At the end of the 1880s, further park modifications were performed in accordance with a project of František Thomayer. The second Prague’s cableway was built opposite today’s Revoluční Avenue on the occasion of the Jubilee Exhibition in 1891, from which it was possible to change for Křižík’s electrical line up on the hill, which went from here to the exhibition grounds. The cableway was in operation until the World War I, and after the war it was transformed into moving staircase, which stopped moving at the end of the 30s. In 1892, a decorative pavilion promoting foundries and ironworks in Komárov near Hořovice was transferred to the Letná Park from the Exhibition Ground. The pavilion was a donation of Count Vilém of Hanau, the owner of the foundries and the surrounding manors, to the City of Prague (hence the name Hanavský). Above the Chotek road, on one of the bastions of the Baroque fortifications, a spectacular villa in new-Baroque style was built in 1911 by a parliament member and the first prime minister of the Czechoslovak Government JUDr. Karel Kramář. It is not open for public, as it serves the needs of the government.

In 1953, the square Letenské náměstí was connected with the embankment via the Letná tunnel.
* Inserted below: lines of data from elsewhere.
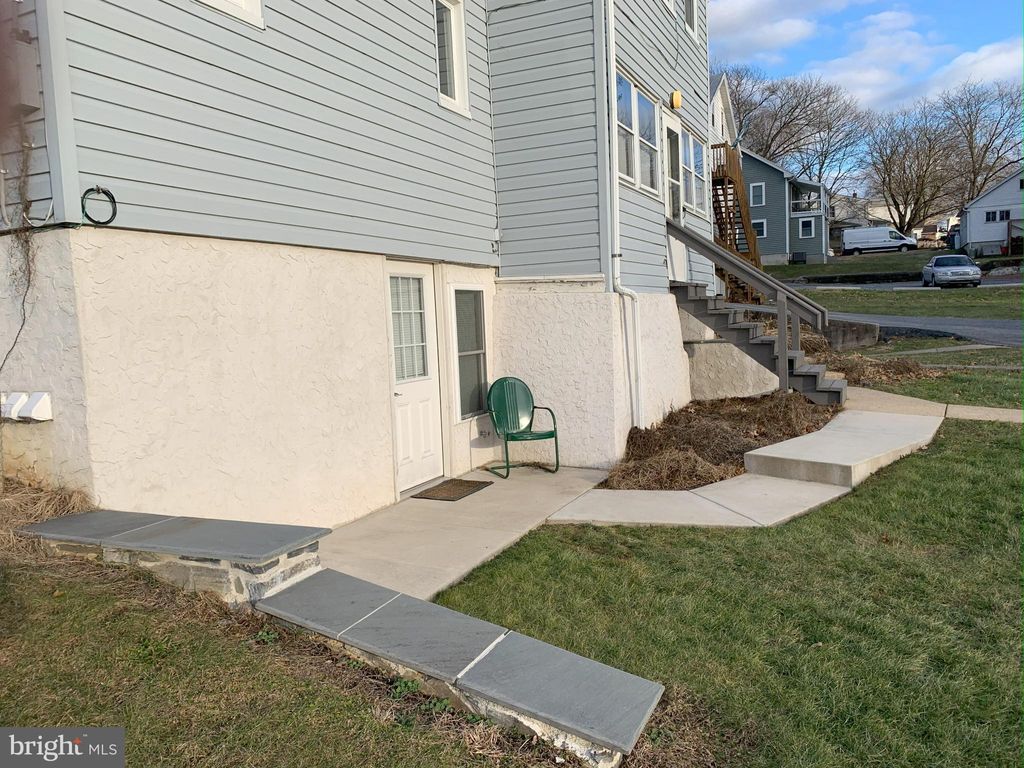 Photo of 322 Main Street, AKRON, PA 17501 (MLS # PALA2077696)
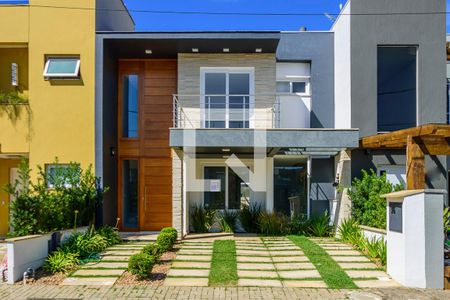 Casa de condomínio à venda com 150m², 2 quartos e 2 vagas Casa de condomínio à venda com 150m², 2 quartos e 2 vagasFachada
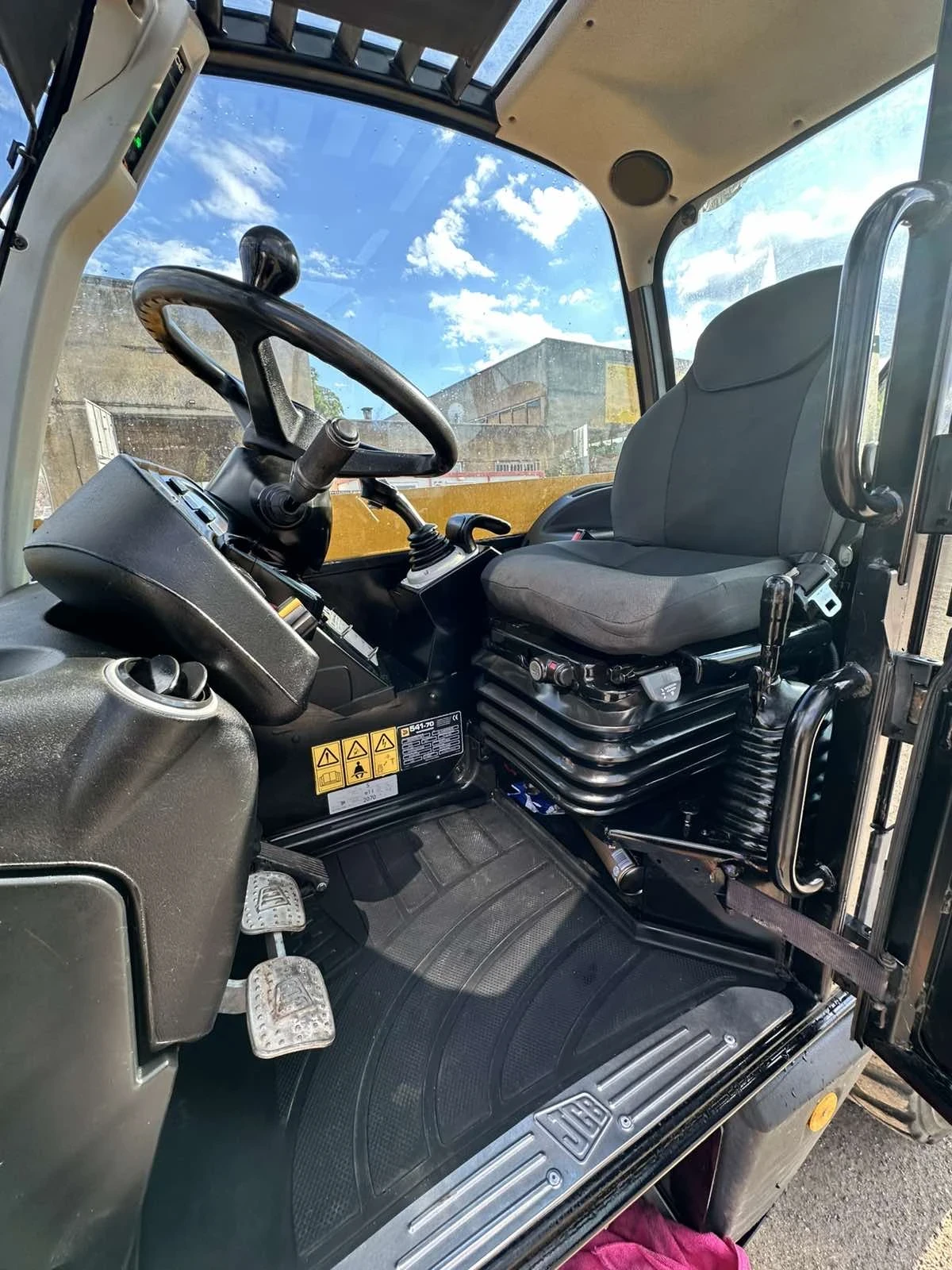 Телескопичен товарач JCB 541-70, снимка 12 - Селскостопанска техника - 56074285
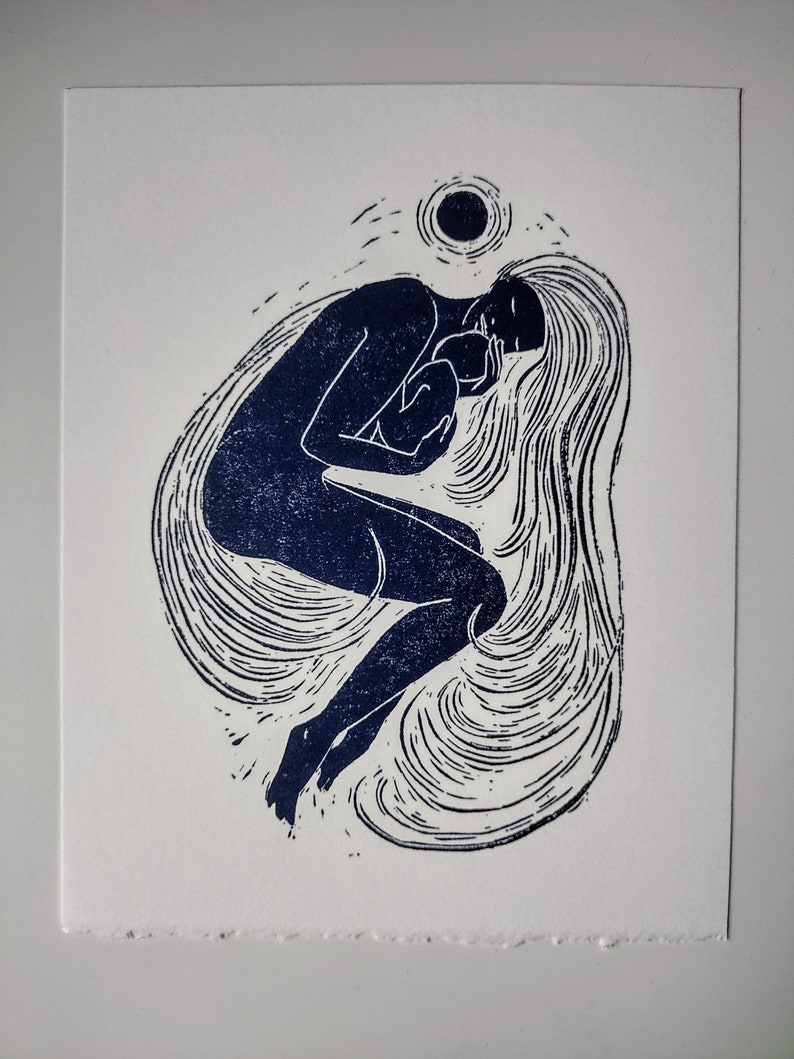 Untitled linocut art print, Handprinted lino wall art, Mother and child print, Mum and baby art, Mother's art, Mother print, Mother's love zdjęcie 7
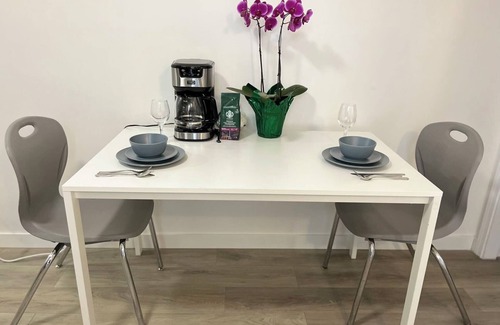 Hastings House | Cozy Modern Suite -Ground Floor& Private Entrance& 10 mins to Downtown Vancouver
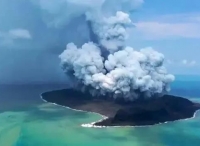 海底火山喷发, 汤加全境失联！已有多艘船只发生倾覆或被冲走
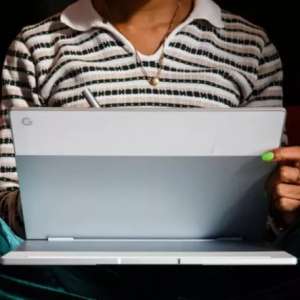 ���ϱʼǱ������ڶ�����FYDE ��Chrome ��OS������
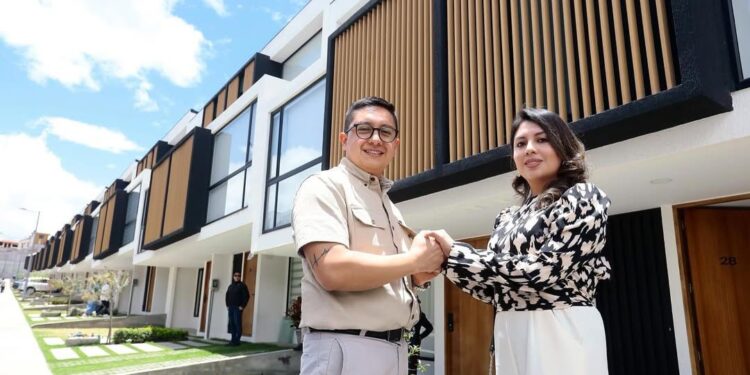 Gobierno de Daniel Noboa recibe calificación internacional máxima por su plan de vivienda asequible y resiliente.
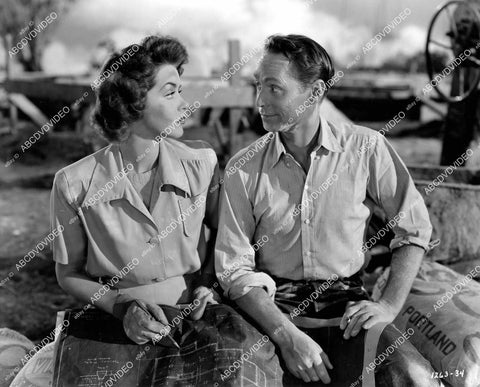 crp-06988 1943 Franchot Tone, Marsha Hunt film Pilot # 5 crp-06988
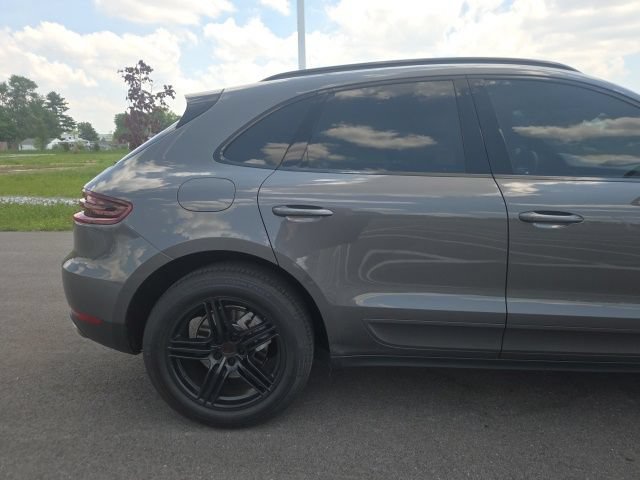 Used 2016 Porsche Macan S AWD/4WD image 7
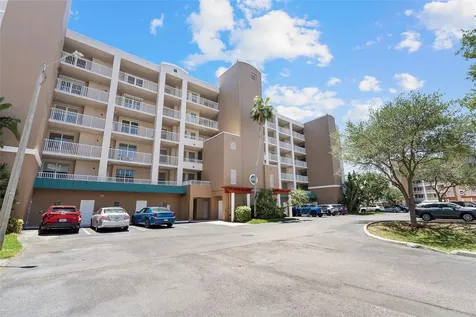 6551 Shoreline Drive St Petersburg FL 33708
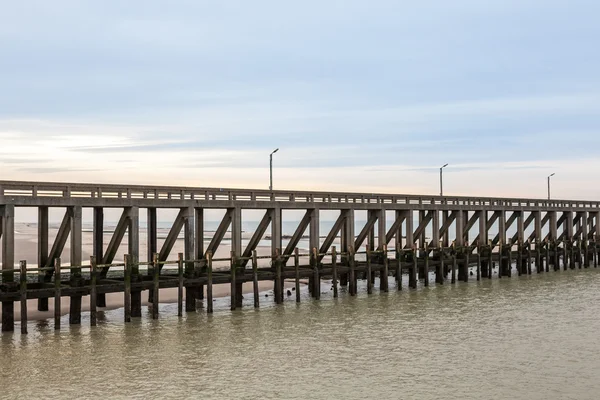 Pier whit lyktstolpe vid havet — Stockfoto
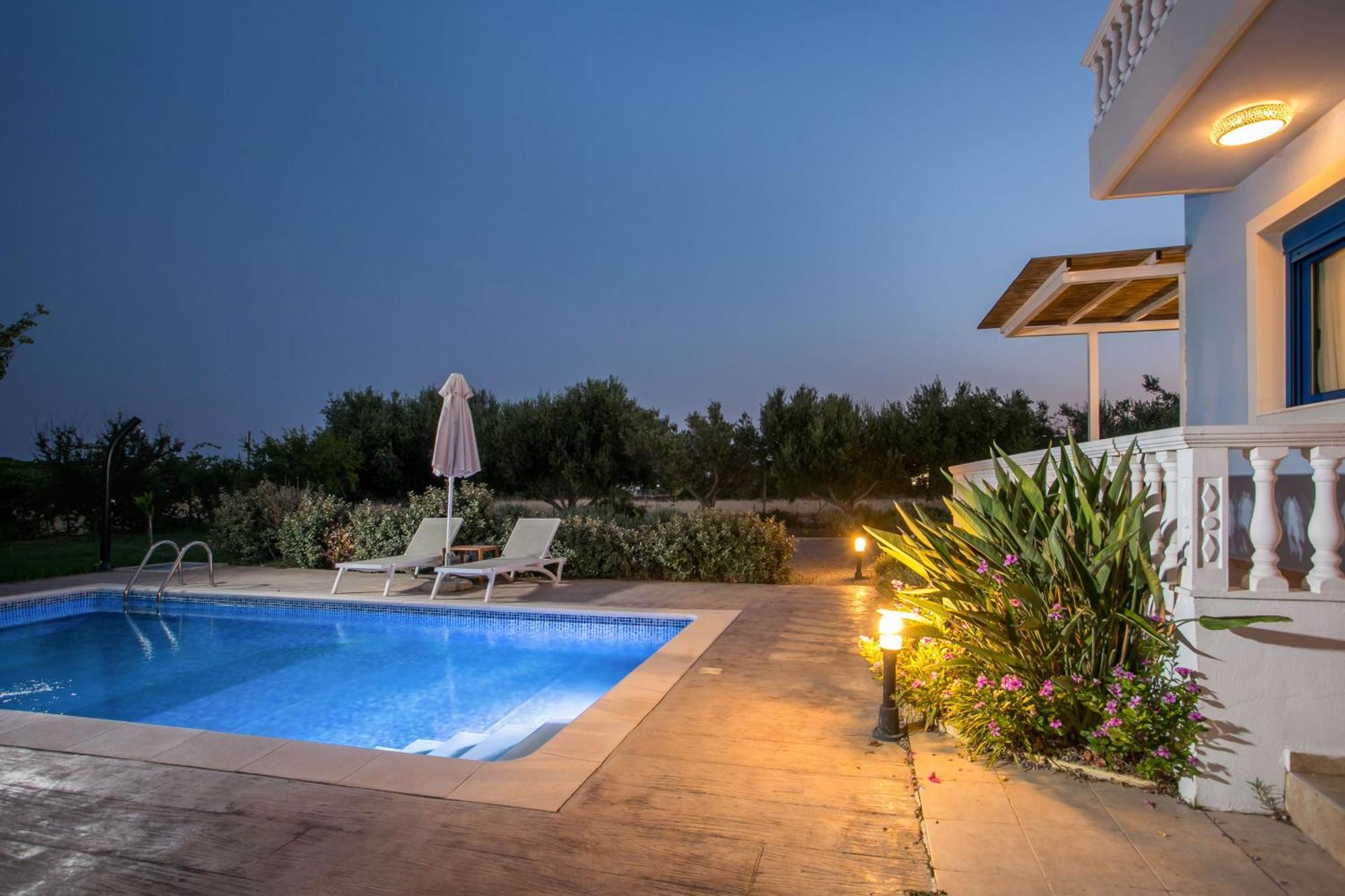 גנאדי Rita Mare Seafront Villas Heated Pools מראה חיצוני תמונה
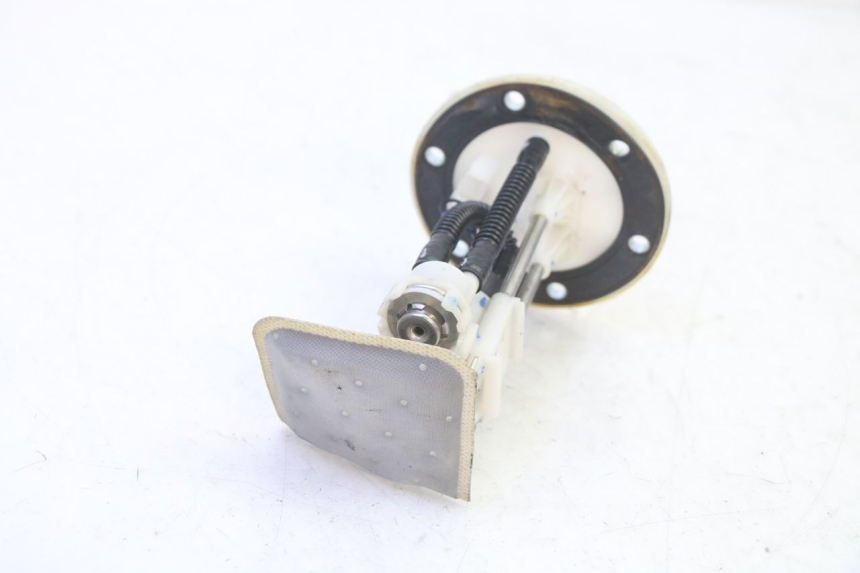 photo de BOMBA GASOLINA PEUGEOT TWEET PRO CARGO 50 (2018 - 2022) - Detalles de los puntos de fijación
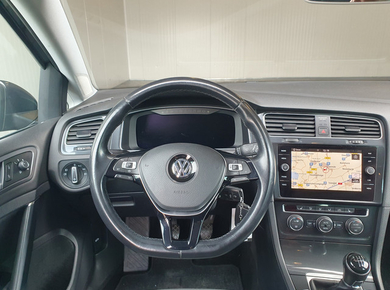 Volkswagen GOLF Variant 1.0 TSI Comfortline Business NAVI/VIRT.COCKPIT/CRUISE/LMV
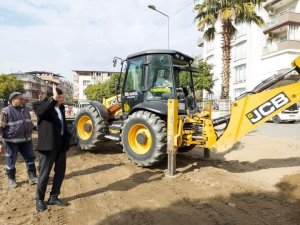 Başkan Özcan Ziya Gökalp Caddesi’nde incelemelerde bulundu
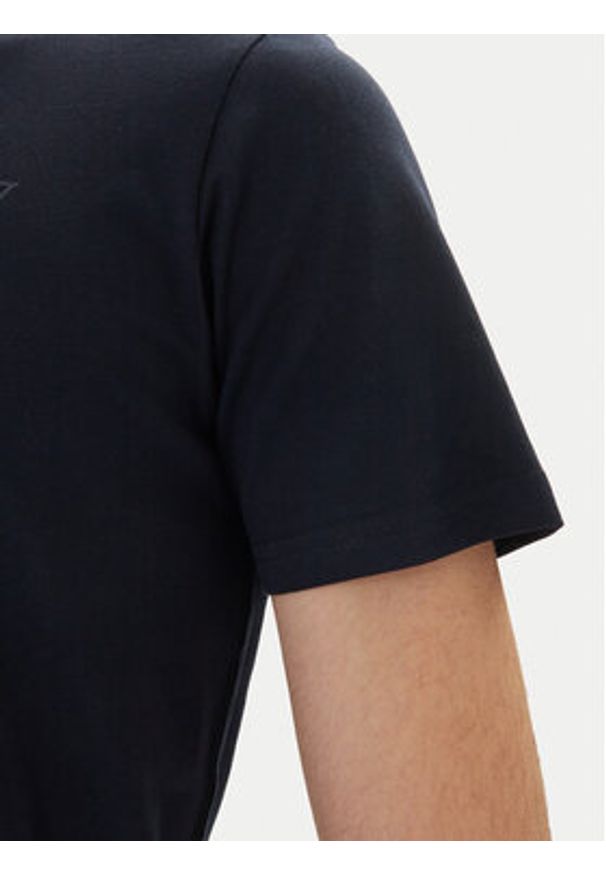Guess T-Shirt M6GI11 K2992 Granatowy Slim Fit. Kolor: niebieski. Materiał: bawełna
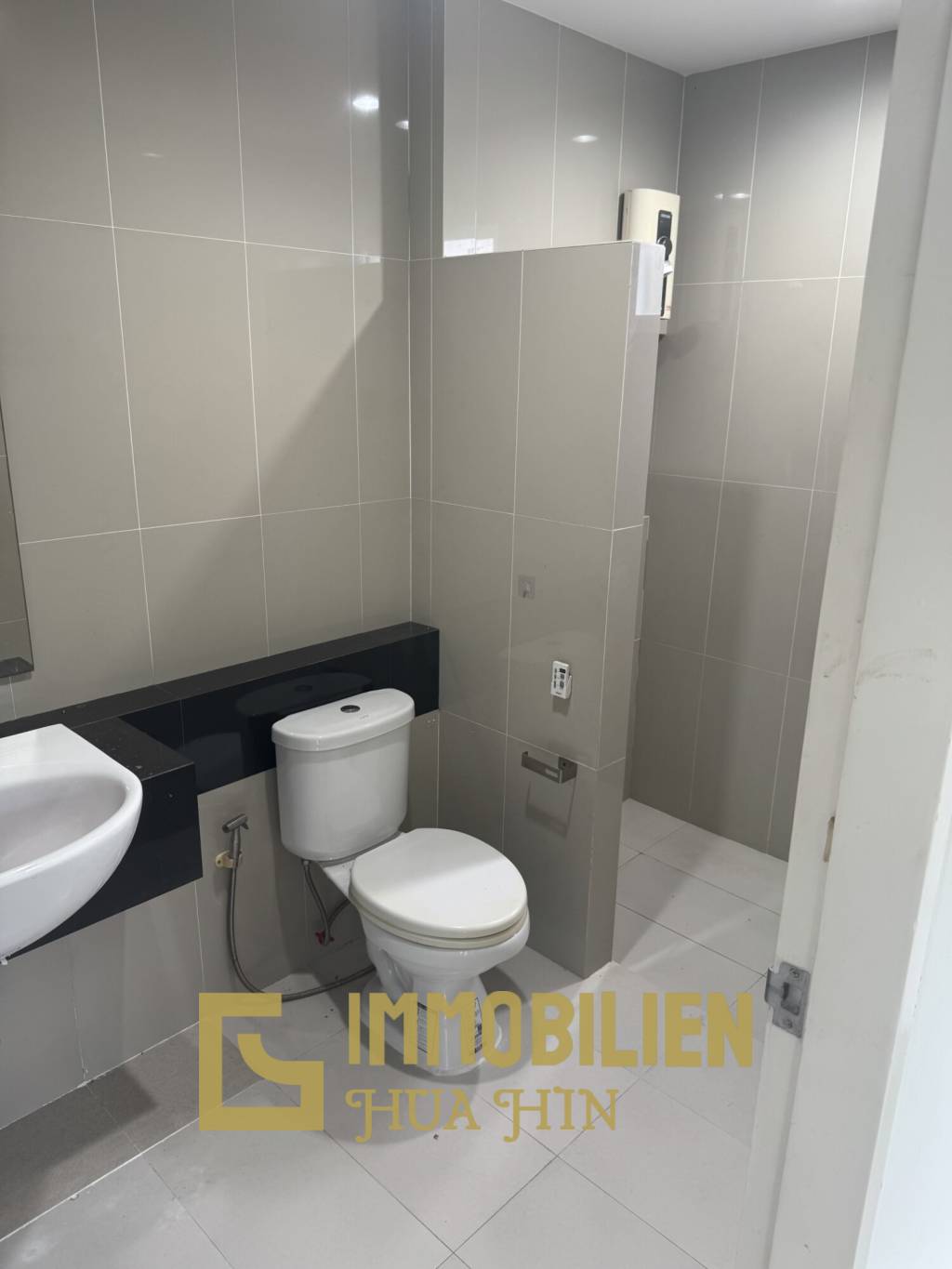 วิลล่าสไตล์โมเดิร์น 5 ห้องนอน ใจกลางหัวหิน โครงการลา วัลเลย์ วิลล์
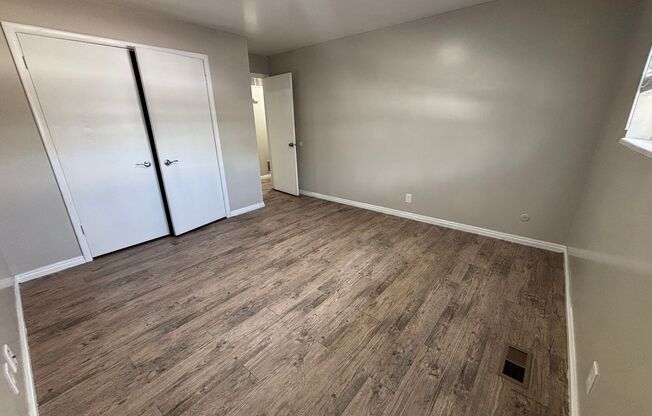 2 beds, 1 bath, 940 sqft, $1,145, Unit Unit 17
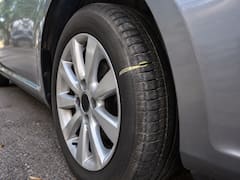Qué significa encontrar tiza o marcas pintadas en una rueda del auto y cuándo no hay que preocuparse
In the same year, a construction of a monumental Stalin Memorial began on the hill opposite the Pařížská Avenue. The memorial’s authors were sculptor Otakar Švec and architect Jiří and Vlasta Štursa. The memorial was blasted off in November 1962.

Instead of the memorial, there is now a huge metronome on the platform. This pendulum was manufactured by the company ČKD Racionalizace in the early 1990s, upon an order from the Association for the Czechoslovak General Exhibition. The author is Vratislav Karel Novák, a professor of the Academy of Arts, Architecture and Design. The metronome first started to move on the 15th May 1991. It is nearly 25 metres high and weighs 7 tons. The installation could not be performed by a land technology, due to fears from disturbed statics of the platform after blasting off the Stalin Memorial, and it was therefore settled in place by a giant helicopter. Underneath the former Stalin Memorial, there is an extensive space of 10,000 m2, unused as for now. A restaurant from the Expo 58 exhibition in Brussels was brought to Prague after the exhibition and in 1960 it was installed in the hill behind the Štefánik’s Bridge. The pavilion was used as an exclusive Expo 58 Restaurant until 1992. Then the restaurant closed and the object started to dilapidate. There was a reconstruction in the years 2000 – 2001, and now the pavilion is used by a private company. Regarding trees, the poplars, willows, plum trees and spruce trees are dominant in the park, and especially the mighty sycamore trees are remarkable.
In April 2003, over 70 new trees were planted in the Letná Park. Behind the former Stalin Memorial, there are decorative apple trees from the dendrology collections in Průhonice, and a beech alley was planted nearby the apple trees.